Invitado vitalicio
Acabo
de llegar y ya están ahí. Sentados en el sofá de mi casa. Siempre se adelantan
a mis pasos. Nunca me había molestado tanto su presencia. Nunca había tenido la
sensación de que sus vidas coartan la mía. Me vigilan por motivos que yo no
conozco, intuyo por qué lo hacen, pero ni se molestan en darme razones
coherentes, solo dicen que es por mi bien.
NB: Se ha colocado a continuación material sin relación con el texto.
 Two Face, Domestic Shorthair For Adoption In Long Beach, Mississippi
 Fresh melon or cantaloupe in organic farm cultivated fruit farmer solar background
No tienen afecto hacia mí, a pesar
de que siempre se muestran muy amables; a pesar de que los conozco de toda la
vida. Incluso antes de que yo naciera, sus siluetas ya existían: sus padres atosigaban
a mis padres, sus abuelos a los míos, y así, desde que sus ancestros lucían taparrabos con piel de mamut y los míos se vestían con pellejo de gato.
Cuando
era niña me parecían simpáticos, respetables, inofensivos, bondadosos. Engañosamente protectores. Ahora no
soporto que compartan mi techo, coman de mi plato, se pongan mi pijama y
firmen con mi DNI. Me calientan la cabeza con sus problemas, y me involucran en
todas sus cagadas. Egocéntricos de mierda. Quiero huir de ellos. Ser libre. Pero
hace poco descubrí que no solo viven conmigo. Están en cada casa, en el cine,
en los hospitales, los colegios, en la televisión y los supermercados. Me
gustaría pasar de ellos, para demostrarles que no me importan nada. Pero eso es
lo que quieren. La ignorancia les da poder.